- Task statement -
The lines from the start of the listing through the line containing "Các địa phương" should be printed exactly, and no other lines should be printed.

- Entries provided -
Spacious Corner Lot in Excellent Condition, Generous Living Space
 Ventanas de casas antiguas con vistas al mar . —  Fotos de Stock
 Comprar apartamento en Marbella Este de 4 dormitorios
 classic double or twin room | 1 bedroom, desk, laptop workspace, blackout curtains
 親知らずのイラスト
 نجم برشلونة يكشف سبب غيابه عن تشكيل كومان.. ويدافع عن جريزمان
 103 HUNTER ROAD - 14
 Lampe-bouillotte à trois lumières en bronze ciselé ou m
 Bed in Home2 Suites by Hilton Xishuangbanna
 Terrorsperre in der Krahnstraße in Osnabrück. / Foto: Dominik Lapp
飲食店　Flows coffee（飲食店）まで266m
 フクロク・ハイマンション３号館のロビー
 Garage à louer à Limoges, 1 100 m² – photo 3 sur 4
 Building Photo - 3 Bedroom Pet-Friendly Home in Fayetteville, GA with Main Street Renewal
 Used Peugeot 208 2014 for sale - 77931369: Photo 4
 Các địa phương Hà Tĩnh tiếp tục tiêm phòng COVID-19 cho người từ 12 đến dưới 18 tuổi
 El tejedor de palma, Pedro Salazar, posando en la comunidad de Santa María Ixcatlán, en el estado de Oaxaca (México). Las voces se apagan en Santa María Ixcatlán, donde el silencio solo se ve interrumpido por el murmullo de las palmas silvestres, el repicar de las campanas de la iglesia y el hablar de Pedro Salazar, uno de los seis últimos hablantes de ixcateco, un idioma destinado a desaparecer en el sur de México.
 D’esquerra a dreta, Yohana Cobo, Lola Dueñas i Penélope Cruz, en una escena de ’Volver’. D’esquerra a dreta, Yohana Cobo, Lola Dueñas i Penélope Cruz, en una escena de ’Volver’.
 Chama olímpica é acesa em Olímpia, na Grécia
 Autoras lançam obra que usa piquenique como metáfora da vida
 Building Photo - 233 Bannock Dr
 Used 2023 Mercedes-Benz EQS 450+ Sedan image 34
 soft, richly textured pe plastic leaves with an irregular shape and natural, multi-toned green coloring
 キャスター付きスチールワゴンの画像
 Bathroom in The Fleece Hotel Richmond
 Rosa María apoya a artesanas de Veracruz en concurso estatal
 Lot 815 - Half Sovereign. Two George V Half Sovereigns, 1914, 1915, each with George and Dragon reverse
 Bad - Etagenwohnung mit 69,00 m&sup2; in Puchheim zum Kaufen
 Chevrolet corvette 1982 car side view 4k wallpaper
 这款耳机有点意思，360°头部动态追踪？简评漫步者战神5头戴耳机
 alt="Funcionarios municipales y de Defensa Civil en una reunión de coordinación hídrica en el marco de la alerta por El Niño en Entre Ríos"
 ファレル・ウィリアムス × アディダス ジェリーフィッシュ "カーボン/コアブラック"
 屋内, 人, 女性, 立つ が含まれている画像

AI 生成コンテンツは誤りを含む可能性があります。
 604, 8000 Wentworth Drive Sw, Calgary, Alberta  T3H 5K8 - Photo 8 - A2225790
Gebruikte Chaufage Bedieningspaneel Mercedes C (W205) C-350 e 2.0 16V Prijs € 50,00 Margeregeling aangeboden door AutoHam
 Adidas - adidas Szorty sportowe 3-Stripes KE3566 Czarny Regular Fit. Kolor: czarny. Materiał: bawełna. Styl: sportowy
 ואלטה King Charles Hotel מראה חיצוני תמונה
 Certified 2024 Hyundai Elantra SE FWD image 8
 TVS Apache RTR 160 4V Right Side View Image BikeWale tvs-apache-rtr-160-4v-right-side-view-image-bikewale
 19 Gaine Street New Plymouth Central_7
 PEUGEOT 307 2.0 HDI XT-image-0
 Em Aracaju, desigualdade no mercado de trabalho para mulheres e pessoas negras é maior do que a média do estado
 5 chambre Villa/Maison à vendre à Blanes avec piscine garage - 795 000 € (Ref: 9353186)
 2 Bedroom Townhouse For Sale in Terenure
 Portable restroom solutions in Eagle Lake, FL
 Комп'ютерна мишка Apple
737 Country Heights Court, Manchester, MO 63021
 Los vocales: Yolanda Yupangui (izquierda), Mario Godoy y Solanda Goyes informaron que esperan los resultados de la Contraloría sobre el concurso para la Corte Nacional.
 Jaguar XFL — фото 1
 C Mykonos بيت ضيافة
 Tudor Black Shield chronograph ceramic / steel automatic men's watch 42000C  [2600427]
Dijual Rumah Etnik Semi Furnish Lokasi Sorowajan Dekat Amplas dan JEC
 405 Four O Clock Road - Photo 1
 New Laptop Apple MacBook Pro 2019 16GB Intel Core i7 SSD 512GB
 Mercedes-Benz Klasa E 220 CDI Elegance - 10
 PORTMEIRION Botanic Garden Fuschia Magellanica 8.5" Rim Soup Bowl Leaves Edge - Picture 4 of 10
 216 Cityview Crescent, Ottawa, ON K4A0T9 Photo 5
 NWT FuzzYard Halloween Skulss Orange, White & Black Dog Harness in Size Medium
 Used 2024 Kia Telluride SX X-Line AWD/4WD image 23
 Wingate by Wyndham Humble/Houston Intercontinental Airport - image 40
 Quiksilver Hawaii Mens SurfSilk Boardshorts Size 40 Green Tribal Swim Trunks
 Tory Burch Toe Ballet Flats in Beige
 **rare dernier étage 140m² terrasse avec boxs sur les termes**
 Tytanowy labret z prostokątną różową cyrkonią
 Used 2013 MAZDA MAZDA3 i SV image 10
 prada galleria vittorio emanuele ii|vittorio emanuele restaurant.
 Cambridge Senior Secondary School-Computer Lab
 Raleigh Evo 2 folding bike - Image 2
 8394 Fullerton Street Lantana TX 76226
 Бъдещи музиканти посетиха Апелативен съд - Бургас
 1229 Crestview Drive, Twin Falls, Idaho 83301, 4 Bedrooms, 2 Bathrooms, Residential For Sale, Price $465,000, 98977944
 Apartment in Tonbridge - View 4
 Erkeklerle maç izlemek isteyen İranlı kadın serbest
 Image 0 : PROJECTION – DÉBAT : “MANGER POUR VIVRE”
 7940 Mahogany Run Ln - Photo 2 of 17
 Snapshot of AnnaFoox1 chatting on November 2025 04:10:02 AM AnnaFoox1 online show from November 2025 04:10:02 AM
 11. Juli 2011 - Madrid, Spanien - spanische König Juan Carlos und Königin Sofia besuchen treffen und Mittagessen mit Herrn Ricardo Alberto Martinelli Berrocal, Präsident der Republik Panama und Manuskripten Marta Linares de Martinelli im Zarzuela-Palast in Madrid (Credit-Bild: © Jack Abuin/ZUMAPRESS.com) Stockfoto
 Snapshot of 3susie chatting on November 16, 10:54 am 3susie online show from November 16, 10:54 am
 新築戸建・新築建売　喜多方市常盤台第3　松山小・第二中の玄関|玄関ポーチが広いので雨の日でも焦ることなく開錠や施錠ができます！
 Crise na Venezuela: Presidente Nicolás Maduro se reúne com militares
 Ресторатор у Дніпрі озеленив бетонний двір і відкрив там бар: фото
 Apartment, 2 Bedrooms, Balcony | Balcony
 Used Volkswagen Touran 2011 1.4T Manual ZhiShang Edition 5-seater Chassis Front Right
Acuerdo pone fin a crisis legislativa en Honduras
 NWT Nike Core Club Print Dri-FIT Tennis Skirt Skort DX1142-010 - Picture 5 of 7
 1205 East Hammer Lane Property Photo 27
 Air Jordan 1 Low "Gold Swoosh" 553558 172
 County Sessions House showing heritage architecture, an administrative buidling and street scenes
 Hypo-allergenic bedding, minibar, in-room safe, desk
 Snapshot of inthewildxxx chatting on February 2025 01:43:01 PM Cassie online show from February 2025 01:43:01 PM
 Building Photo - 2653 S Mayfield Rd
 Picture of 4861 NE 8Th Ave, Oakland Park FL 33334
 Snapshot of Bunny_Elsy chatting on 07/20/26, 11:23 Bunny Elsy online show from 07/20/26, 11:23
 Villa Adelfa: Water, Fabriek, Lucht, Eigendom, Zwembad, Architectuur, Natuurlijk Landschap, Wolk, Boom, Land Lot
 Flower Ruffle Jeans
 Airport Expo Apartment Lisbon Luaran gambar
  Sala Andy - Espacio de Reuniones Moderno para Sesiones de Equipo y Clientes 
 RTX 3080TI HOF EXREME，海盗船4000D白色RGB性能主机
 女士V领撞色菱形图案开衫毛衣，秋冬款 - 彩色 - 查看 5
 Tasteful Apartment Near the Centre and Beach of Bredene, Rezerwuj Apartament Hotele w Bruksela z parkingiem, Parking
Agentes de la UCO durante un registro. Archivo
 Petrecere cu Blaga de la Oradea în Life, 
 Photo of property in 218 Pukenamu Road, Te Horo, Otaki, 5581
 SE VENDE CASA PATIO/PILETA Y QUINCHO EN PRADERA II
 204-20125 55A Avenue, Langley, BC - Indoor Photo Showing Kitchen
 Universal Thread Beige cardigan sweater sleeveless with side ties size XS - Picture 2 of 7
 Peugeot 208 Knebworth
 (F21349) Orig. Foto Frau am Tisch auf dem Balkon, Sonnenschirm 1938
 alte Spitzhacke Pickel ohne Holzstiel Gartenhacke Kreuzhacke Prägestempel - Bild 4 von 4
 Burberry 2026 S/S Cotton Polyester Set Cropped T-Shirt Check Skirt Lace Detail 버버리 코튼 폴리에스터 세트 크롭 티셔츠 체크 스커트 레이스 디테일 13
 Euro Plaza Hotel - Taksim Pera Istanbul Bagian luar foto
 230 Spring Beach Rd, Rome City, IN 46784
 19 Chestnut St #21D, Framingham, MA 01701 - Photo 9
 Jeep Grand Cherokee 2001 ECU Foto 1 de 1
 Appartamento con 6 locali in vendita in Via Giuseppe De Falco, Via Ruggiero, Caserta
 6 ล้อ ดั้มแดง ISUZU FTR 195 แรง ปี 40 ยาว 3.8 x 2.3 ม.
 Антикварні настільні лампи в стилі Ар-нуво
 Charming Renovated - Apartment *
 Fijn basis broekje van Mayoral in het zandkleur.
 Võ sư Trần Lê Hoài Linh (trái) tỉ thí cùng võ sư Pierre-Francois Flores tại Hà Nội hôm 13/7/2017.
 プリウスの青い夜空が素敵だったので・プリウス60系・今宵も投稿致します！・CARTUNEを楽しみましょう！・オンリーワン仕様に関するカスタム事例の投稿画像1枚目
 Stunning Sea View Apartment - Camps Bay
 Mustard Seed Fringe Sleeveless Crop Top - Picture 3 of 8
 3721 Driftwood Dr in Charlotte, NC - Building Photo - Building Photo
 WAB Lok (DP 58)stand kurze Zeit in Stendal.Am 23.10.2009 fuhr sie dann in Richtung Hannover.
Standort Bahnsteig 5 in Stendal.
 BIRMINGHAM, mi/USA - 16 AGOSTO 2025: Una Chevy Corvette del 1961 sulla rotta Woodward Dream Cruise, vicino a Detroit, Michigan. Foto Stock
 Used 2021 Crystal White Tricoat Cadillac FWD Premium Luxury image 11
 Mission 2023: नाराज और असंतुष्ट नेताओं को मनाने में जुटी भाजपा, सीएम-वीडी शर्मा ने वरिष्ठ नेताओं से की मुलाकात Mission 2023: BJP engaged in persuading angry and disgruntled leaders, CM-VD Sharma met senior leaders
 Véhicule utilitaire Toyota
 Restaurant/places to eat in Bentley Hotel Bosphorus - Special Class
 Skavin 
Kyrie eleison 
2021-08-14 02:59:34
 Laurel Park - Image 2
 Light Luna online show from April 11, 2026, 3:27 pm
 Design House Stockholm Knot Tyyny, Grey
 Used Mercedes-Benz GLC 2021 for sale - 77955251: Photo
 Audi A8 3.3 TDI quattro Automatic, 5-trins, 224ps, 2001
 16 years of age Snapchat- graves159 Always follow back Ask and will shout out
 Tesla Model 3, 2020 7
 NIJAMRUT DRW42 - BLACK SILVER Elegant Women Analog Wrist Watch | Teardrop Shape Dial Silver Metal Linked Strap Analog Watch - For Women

- Exercise result -
Spacious Corner Lot in Excellent Condition, Generous Living Space
 Ventanas de casas antiguas con vistas al mar . —  Fotos de Stock
 Comprar apartamento en Marbella Este de 4 dormitorios
 classic double or twin room | 1 bedroom, desk, laptop workspace, blackout curtains
 親知らずのイラスト
 نجم برشلونة يكشف سبب غيابه عن تشكيل كومان.. ويدافع عن جريزمان
 103 HUNTER ROAD - 14
 Lampe-bouillotte à trois lumières en bronze ciselé ou m
 Bed in Home2 Suites by Hilton Xishuangbanna
 Terrorsperre in der Krahnstraße in Osnabrück. / Foto: Dominik Lapp
飲食店　Flows coffee（飲食店）まで266m
 フクロク・ハイマンション３号館のロビー
 Garage à louer à Limoges, 1 100 m² – photo 3 sur 4
 Building Photo - 3 Bedroom Pet-Friendly Home in Fayetteville, GA with Main Street Renewal
 Used Peugeot 208 2014 for sale - 77931369: Photo 4
 Các địa phương Hà Tĩnh tiếp tục tiêm phòng COVID-19 cho người từ 12 đến dưới 18 tuổi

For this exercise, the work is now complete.